Several years ago, I became friends with “Buddy,” whom I met at a recovery meeting. We shared our experiences, and he had been down on his luck, had no home, and was living off the kindness of friends. However, he appeared to be taking great strides in his road to recovery to get back on his feet. After a couple of months, it became obvious (at least to me) that he was simply a moocher, pure and simple, who merely took advantage of people for a free ride. You know – look up “moocher” in the dictionary and see his picture.

Around that time, I started dating this woman (now my wife) who was looking for a roommate, and thought Buddy would be perfect. I gave her a word of caution based on my experiences with him, but she felt it would work out. Within a couple of months, she told him to get out.

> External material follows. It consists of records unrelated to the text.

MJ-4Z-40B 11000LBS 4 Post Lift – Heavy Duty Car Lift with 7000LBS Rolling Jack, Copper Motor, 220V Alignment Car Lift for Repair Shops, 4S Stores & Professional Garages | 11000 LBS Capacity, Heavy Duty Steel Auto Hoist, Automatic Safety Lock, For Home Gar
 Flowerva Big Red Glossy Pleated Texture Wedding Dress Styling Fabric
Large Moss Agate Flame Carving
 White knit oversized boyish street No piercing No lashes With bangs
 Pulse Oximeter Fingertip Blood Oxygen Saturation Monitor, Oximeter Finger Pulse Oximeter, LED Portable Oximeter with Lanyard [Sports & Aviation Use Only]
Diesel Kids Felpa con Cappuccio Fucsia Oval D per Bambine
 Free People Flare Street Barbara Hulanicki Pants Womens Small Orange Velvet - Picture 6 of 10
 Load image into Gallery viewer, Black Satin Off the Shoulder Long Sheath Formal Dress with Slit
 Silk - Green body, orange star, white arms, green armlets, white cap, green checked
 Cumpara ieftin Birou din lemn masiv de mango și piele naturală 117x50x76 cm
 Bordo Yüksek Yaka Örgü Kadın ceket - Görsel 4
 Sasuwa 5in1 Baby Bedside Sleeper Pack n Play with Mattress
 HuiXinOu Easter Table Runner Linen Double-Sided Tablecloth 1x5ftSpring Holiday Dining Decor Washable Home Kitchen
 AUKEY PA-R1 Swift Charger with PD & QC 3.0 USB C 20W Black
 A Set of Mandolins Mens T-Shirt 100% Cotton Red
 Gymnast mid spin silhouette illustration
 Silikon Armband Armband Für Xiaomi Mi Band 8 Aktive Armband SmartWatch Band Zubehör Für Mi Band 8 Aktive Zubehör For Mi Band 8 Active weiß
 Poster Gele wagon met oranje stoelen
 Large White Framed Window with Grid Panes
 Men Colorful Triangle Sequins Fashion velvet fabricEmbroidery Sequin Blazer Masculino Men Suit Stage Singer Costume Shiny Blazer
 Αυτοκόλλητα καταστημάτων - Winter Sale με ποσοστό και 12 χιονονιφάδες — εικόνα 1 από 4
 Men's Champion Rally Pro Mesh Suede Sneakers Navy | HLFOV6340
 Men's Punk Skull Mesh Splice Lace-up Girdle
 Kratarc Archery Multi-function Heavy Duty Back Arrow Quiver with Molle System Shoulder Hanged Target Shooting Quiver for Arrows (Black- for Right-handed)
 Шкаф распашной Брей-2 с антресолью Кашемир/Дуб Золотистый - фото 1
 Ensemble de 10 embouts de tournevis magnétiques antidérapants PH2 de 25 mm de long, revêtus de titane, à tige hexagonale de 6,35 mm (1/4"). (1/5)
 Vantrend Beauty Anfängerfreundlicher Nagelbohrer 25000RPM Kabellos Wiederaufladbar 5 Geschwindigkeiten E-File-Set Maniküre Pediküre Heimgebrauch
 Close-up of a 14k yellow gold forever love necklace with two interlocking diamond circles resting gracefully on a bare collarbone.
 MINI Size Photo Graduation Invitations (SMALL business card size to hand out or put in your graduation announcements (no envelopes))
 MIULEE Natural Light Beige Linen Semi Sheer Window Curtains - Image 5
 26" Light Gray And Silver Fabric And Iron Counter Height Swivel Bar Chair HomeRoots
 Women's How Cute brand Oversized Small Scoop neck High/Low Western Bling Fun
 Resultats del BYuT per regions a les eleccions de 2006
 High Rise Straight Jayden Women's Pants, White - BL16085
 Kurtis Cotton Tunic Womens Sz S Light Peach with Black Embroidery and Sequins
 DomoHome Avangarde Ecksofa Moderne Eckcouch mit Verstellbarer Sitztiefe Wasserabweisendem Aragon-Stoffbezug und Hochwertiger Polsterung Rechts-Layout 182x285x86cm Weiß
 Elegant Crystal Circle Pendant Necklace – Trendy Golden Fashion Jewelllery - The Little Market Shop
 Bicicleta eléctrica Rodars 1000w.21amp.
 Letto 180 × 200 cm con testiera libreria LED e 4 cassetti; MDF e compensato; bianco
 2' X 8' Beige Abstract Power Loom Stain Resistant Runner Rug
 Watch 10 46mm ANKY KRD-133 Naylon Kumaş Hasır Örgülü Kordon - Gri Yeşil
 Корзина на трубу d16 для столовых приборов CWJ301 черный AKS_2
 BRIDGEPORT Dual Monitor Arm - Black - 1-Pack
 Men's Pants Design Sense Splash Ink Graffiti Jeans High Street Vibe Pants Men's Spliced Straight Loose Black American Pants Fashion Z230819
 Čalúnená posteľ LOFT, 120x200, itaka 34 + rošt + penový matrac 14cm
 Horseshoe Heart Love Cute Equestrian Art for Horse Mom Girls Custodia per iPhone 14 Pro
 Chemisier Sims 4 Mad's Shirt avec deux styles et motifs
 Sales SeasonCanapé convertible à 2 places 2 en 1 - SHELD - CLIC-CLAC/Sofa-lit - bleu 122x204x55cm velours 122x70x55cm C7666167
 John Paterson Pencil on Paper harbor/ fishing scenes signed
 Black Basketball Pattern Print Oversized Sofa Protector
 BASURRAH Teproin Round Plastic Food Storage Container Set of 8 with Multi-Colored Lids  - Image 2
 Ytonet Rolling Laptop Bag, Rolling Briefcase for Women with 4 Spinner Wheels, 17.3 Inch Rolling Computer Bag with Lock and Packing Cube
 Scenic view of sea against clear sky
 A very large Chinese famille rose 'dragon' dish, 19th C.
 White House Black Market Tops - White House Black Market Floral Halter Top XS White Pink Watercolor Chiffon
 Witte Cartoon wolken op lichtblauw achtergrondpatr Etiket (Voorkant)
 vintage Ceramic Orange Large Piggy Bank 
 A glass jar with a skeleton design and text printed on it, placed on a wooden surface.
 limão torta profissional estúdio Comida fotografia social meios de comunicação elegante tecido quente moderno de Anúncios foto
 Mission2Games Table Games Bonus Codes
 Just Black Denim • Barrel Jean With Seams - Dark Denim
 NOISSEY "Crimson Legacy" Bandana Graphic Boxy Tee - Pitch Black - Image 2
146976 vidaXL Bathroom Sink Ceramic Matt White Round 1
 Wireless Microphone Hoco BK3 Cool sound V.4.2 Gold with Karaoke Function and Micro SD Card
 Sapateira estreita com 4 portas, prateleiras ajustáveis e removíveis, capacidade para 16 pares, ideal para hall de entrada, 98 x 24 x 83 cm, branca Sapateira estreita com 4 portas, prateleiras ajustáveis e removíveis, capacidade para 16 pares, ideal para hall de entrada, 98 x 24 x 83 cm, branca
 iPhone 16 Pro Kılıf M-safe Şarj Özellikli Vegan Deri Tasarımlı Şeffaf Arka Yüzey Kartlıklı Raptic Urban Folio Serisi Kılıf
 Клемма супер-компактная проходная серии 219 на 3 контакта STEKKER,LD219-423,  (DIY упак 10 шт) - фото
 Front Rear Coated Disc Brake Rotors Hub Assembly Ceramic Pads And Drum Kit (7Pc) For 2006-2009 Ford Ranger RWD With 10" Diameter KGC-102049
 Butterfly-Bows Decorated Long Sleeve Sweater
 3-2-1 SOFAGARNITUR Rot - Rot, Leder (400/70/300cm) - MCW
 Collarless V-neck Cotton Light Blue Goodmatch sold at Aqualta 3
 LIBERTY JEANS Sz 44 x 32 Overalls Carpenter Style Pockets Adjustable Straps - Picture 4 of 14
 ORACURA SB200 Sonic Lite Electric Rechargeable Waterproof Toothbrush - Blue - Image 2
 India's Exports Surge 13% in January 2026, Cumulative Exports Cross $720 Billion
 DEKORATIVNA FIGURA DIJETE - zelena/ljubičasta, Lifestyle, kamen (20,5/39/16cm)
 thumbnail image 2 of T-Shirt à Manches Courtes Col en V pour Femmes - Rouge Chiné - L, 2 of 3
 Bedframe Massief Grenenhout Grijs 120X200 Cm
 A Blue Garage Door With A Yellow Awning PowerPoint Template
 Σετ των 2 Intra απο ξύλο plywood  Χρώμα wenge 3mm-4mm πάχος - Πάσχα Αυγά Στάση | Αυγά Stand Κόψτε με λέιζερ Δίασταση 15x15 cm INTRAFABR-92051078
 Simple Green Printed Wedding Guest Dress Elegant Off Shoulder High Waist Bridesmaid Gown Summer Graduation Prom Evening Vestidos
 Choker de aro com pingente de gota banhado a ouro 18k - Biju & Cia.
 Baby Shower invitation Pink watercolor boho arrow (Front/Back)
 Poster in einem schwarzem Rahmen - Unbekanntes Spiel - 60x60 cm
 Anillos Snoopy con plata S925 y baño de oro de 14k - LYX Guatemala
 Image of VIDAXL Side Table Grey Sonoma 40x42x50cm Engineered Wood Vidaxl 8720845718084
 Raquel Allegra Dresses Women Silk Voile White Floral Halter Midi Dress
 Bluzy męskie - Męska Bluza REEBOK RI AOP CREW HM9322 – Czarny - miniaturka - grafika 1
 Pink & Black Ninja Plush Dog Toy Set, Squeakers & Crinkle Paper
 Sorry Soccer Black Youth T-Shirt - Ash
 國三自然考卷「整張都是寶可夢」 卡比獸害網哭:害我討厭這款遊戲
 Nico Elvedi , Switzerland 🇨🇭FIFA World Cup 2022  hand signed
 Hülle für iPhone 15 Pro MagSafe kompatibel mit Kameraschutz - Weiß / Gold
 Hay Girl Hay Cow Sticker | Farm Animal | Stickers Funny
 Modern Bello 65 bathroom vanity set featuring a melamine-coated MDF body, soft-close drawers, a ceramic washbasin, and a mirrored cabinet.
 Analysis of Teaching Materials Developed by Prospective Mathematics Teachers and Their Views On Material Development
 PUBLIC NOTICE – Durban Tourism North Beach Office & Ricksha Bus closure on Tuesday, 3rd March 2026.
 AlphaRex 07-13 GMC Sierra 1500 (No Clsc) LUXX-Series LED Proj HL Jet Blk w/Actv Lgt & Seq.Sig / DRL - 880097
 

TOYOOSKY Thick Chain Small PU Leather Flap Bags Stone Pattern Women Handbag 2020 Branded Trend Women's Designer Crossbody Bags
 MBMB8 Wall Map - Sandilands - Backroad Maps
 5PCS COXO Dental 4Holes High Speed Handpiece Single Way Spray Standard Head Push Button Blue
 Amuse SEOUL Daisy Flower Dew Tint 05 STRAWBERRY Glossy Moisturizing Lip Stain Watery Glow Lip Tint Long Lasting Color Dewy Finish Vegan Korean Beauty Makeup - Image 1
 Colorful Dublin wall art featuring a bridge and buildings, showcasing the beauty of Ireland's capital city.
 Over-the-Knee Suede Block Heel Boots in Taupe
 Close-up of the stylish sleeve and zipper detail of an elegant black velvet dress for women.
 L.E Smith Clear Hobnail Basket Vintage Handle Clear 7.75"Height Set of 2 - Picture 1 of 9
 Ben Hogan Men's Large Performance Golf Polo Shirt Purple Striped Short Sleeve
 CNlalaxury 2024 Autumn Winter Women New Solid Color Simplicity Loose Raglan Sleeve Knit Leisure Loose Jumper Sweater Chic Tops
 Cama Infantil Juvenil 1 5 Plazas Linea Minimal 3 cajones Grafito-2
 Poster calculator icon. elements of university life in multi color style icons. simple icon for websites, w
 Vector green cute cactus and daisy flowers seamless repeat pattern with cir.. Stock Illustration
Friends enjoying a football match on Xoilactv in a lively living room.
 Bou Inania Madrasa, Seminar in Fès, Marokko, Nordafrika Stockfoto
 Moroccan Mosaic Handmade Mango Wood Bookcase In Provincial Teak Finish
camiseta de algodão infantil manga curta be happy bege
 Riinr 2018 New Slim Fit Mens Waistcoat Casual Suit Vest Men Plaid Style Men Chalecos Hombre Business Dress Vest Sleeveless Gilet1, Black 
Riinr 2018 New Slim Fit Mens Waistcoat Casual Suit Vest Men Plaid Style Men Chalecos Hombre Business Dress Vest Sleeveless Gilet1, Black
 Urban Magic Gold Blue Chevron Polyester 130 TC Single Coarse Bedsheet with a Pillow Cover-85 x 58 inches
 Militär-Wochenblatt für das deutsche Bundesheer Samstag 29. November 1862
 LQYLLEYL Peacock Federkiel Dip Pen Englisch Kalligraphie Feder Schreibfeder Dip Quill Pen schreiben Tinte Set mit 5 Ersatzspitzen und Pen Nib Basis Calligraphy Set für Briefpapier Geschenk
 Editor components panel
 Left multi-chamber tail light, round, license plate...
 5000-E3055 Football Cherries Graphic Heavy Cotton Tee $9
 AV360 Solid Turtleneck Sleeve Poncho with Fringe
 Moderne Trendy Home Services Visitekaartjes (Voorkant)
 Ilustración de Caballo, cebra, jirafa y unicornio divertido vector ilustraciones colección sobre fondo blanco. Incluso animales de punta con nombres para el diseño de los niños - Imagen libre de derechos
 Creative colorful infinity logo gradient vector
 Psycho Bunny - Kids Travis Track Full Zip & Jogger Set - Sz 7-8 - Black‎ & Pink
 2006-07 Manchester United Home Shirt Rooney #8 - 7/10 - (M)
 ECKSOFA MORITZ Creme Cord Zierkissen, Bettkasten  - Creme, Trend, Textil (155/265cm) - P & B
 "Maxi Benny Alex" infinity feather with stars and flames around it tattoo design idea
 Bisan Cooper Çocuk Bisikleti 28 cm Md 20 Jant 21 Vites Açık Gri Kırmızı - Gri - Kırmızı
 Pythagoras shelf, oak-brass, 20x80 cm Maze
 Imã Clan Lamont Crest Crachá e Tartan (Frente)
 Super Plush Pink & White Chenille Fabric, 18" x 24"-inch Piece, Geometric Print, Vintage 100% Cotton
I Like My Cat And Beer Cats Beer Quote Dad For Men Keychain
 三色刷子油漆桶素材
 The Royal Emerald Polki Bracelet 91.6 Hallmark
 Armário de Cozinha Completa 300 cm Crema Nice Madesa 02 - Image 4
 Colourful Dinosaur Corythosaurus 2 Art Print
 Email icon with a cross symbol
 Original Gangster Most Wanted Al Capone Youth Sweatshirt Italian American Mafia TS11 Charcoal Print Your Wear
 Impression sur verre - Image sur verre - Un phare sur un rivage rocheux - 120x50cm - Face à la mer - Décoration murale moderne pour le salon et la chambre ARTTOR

A couple of years passed, and I had long since fallen out of contact with him. Out of the blue, he showed up at my office one day to say “hi.” During our brief visit, we were catching up on what was going on with each other, and he told me he was living on a ranch up north in the mountains. I said that sounded great, and asked him what he was doing, employment and what not. He wasn’t working (no surprise), and said he was on welfare. In listening to him, he was basically playing the system where he was able to continue a life of leisure at other people’s expense. He said he was now back in town because he was determined to re-enroll at the university and finish his degree.

A month or so later, I received a letter in the mail from Buddy at my office. (I realized that his “friendly visit” was probably to confirm that I still worked there and get my address.) It was a form letter that he was apparently sending out to anyone and everyone stating that he has been in recovery, was making progress, and wanted to finish his degree. He said he had exhausted all forms of financial aid, so in order to achieve his goal, he was asking the reader to “invest” in him by making a donation to pay his tuition! Included in the letter was a deposit slip from his bank account. What would we get out of our “investment,” he asked? Why, the pleasure and satisfaction of knowing he succeeded in getting a degree and achieved his goal of becoming a social worker!

I showed the letter to my wife, we got a good laugh out of it, and then I filed it away (you can probably guess where). Now I could look up “nerve” and “gall” in the dictionary and see his picture there too! 0913-12

I recently tried to tell a young woman wearing rose colored glasses that not all poor people are deserving of assistance.   Some people are deservedly poor, i.e. they will not work to improve their situation whereas the deserving poor are those who hustle to find work, keep work and do what is necessary to provide shelter and sustenance for themselves and their family.

{ 52 comments… add one }
  • Lychii September 19, 2012, 11:23 am

    @kingsrings, I don’t think there’s anything shameful at all in receiving unemployment, and even in refusing to look for a new job while on it… as long as you take full responsibility for the consequences.

    Unlike welfare or charity, unemployment is a safety net you’ve earned by paying taxes (at least in my country it’s so), and there’s no shame in using it to whatever extent.

  • mvp September 21, 2012, 5:24 pm

    I too am part of a recovery program and have seen this type of behavior before. It appears that this person is using people, and banking on the generosity of those in recovery. Here is something to think about, continuing to help him may actually hinder him. There is a difference between a hand out and a help out. My fellowship teaches me that we are not bankers, lawyers, or counsellors. While we do help each other with recovery issues, sometimes there is a line. Good to hear that you have drawn the yours here. Further to that, I would suggest that you contact that person and tell him that while you are happy for his recovery, you will not help him financially.